Our proposals seek to freeze Royal Mail’s average domestic prices from 2006-10, introduce service quality targets more suited to customers’ needs and create the conditions that will enable new operators to establish themselves successfully in the mail market. Consultations on these proposals are continuing.
Separately, we also consulted on Royal Mail’s proposals to restructure its prices so that they would vary by size and format, as well as by weight, in order to align prices more closely with costs. Our first consultation, in April 2004, drew around 10,000 responses. Towards the end of the period Royal Mail presented a revised set of proposals which addressed the issues which had caused us (and customers) particular concern. On 5 April 2005 we presented our provisional conclusions that we were minded to accept the revised proposals, subject to any new evidence that may come during the current consultation period.
Mail integrity
Customers will only have confidence in the developing market if they can be assured that their mail is safe in the hands of whichever operator is handling it. Allegations were made during the course of the year that Royal Mail was failing in some of its procedures for recruiting, vetting and training staff and for providing security for mail within the postal pipeline. Postcomm started an investigation to determine whether Royal Mail has used all reasonable endeavours to apply its mail protection procedures. This investigation is still underway.

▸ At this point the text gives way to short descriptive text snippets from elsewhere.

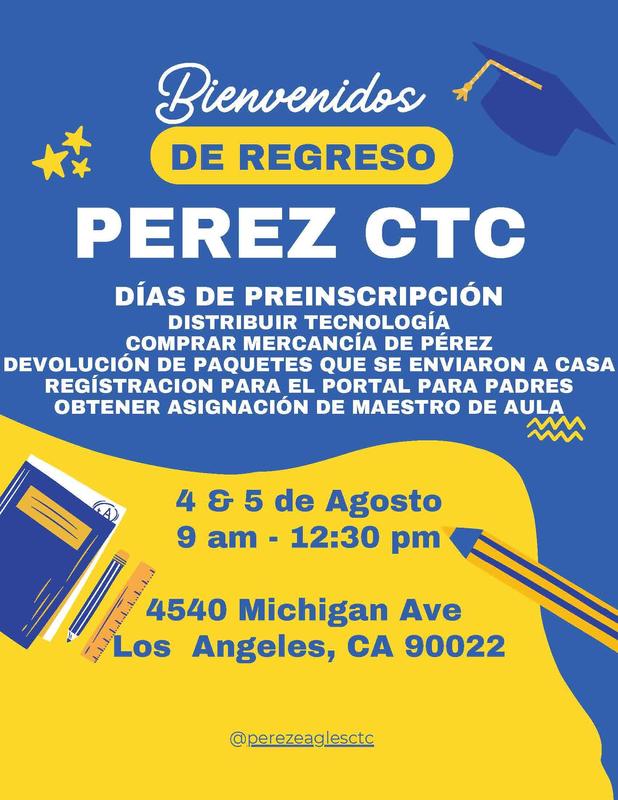 Pre Reg Spanish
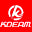KDEAM logo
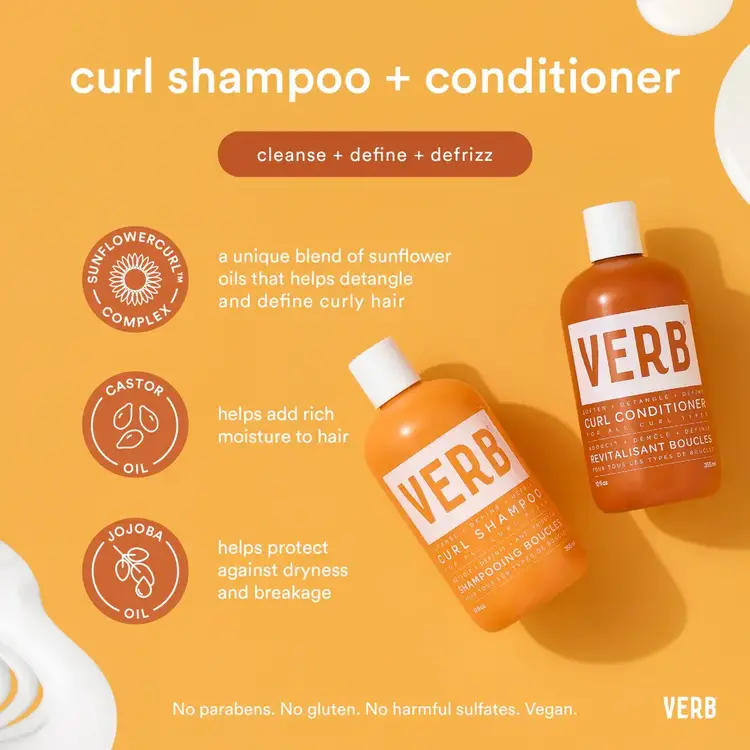 VERB VERB - BOUCLES Conditioner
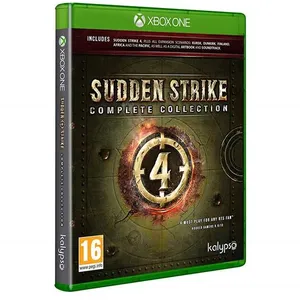Kalypso Plaion Sudden Strike 4 : Edition Complète Xbox One pas cher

In January 2005, Postcomm successfully brought its first prosecution for mail dumping, following investigation into the activities of a casual employee working for a licensed mail delivery firm. Looking forward, we have proposed that all licensed operators should meet common standards to safeguard the mail in their charge from theft, damage or interference. We began consultations in March 2005 on a code of practice on mail integrity which, when agreed, may be backed by a licence condition applied to all operators.
Post Office network
Postcomm began a review of the Post Office urban reinvention programme, to evaluate the short- and medium-term economic and social effects on domestic and business customers, sub-postmasters and Post Office Ltd. Conclusions will be published in the Post Office Network Annual Report which helps inform the Secretary of State for Trade and Industry and other interested parties.
Looking forward
This report can only be a summary of progress achieved across some of the more high profile parts of our activity. My first four months in Postcomm have made it abundantly clear that I have joined at a critical time in the development of the UK postal market. It is also clear that we have a lot to do in a short space of time if we are to ensure that market opening and the processes that accompany it really do help us to achieve our vision, and in particular that all customers will benefit. The year ahead will be just as busy, and just as critical to the long-term health of the market and its participants.